Restate word for word the lines of the records below, starting at the line that contains "Prom Pictures, Green" and ending at the line that contains "Front View of", with both of those lines included and nothing else.

* **RECORD EXTRACTS**
· · · · ·

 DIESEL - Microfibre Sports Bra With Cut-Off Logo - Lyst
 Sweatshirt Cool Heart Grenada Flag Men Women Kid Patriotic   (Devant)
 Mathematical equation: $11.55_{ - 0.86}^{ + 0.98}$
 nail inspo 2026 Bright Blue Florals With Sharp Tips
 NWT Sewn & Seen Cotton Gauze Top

· · · · ·

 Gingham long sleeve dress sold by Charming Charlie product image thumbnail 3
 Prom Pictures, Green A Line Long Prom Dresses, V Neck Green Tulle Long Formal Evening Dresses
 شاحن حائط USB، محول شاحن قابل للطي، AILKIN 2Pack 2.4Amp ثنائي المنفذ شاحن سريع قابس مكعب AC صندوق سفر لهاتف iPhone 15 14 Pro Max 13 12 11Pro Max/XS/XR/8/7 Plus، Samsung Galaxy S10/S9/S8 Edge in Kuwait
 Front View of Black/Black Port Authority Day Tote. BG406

· · · · ·

* **REPLY TO THE EXERCISE**
 Prom Pictures, Green A Line Long Prom Dresses, V Neck Green Tulle Long Formal Evening Dresses
 شاحن حائط USB، محول شاحن قابل للطي، AILKIN 2Pack 2.4Amp ثنائي المنفذ شاحن سريع قابس مكعب AC صندوق سفر لهاتف iPhone 15 14 Pro Max 13 12 11Pro Max/XS/XR/8/7 Plus، Samsung Galaxy S10/S9/S8 Edge in Kuwait
 Front View of Black/Black Port Authority Day Tote. BG406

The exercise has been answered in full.